Qu'est-ce que tu ne donnerais pas pour pouvoir croiser les bras, juste pour le faire enrager davantage ! Au lieu de ça, tu lèves les yeux au ciel, et reprends d'une voix agacée ;
- Vous avez l'air bien décidé sur mon sort, donc ça va mal aller de toute façon, non ?
Son visage entier devient rouge, et il plaque les deux mains sur la table, se penche vers toi. Son haleine te fait froncer le nez.
- Je ne vais pas me répéter davantage. L'endroit, maintenant.
Tu ne résistes pas, et agrandis ton sourire.

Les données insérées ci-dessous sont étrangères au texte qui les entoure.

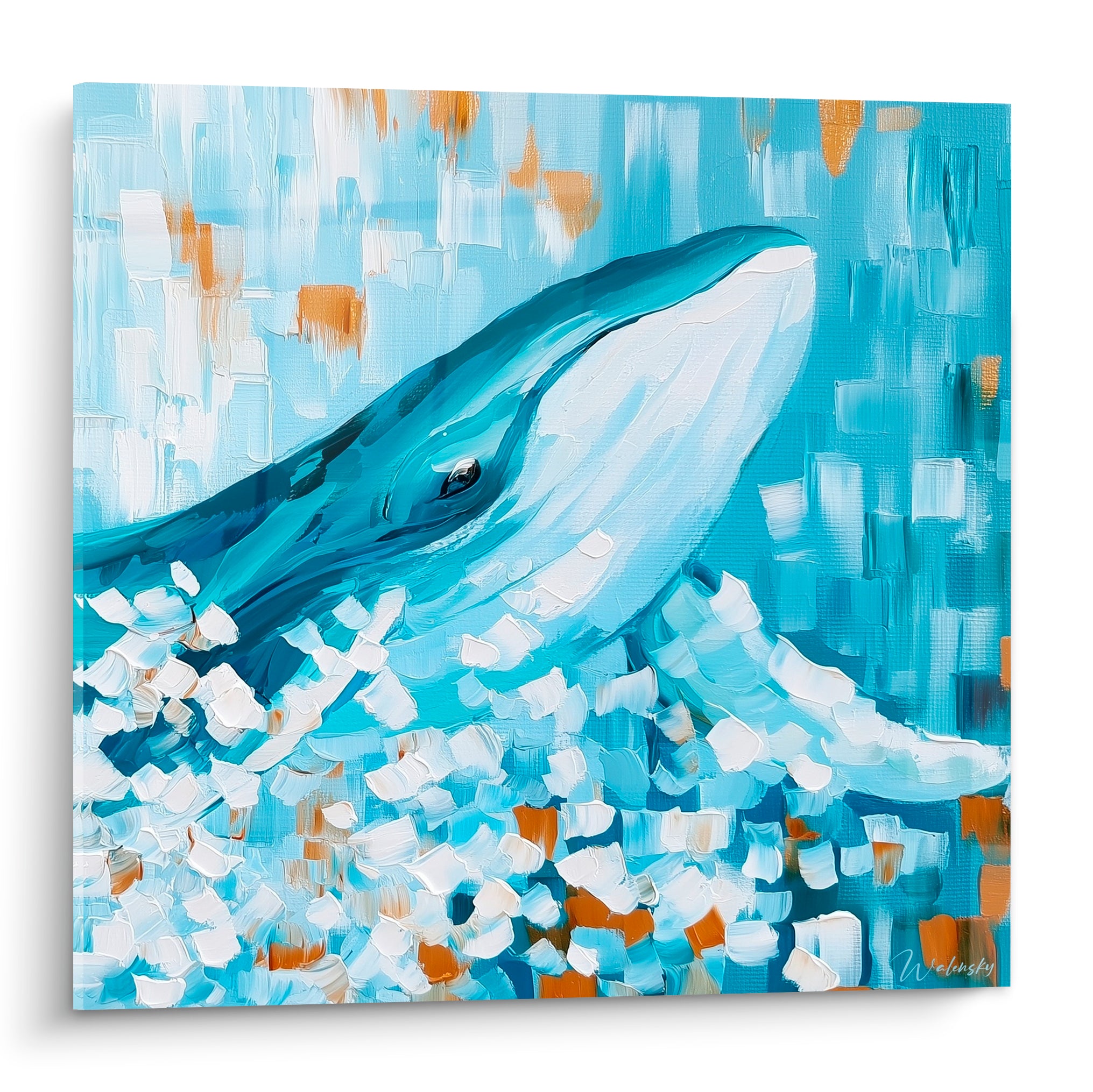 Baleine bleu turquoise et blanc nacré émergeant, touches ocre dorées, texture peinte au couteau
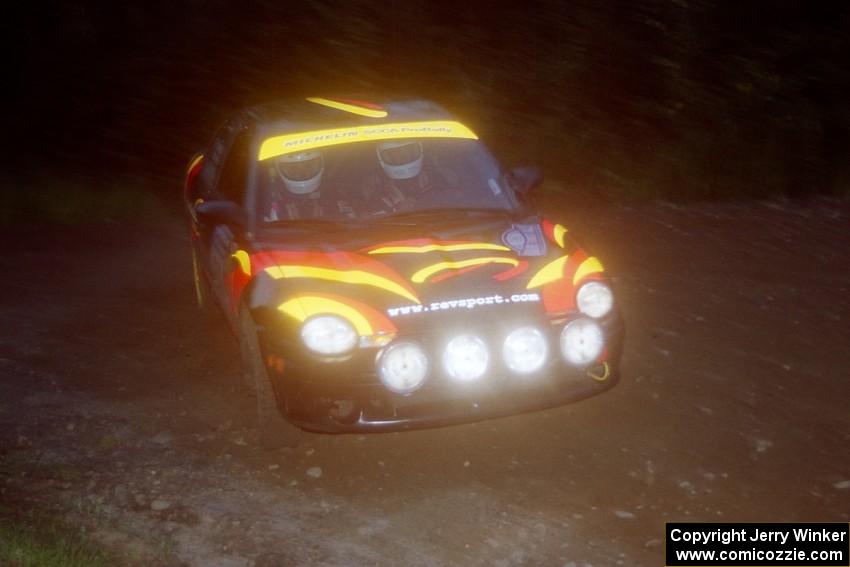 Evan Moen / Tom Young  Plymouth Neon ACR at a hairpin on SS4, Grafton II.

- Je n'en sais. Foutrement. Rien.
Rageur, l'homme envoie sa chaise de l'autre côté de la pièce, ayant totalement perdu son calme. Tu ricanes, ça n'a même pas duré dix minutes. Ton regard le suit alors qu'il quitte la pièce, et quand la porte claque, tu observes de nouveau la photo.
Si elle ne le représente absolument pas, celle que tu as dans la poche, si.
Tu résistes à l'envie de la sortir, alors tu fermes les yeux, te la remémorant.
Sur l'image, il ne regarde pas la caméra. Son regard est dirigé dans le vide, vers un point qu'il ne fixe pas vraiment, et sa bouche est figée dans une expression terriblement nostalgique. Ses cheveux sont disposés comme une couronne autour de sa tête, ses joues sont couvertes de petites cicatrices qui ne saigneront plus jamais. Il a le teint blafard, l'expression triste, il a l'air d'un ange à tes yeux. Un ange délicieusement corrompu.
Tu rouvres les yeux. Cette photo-là est vraiment parfaite.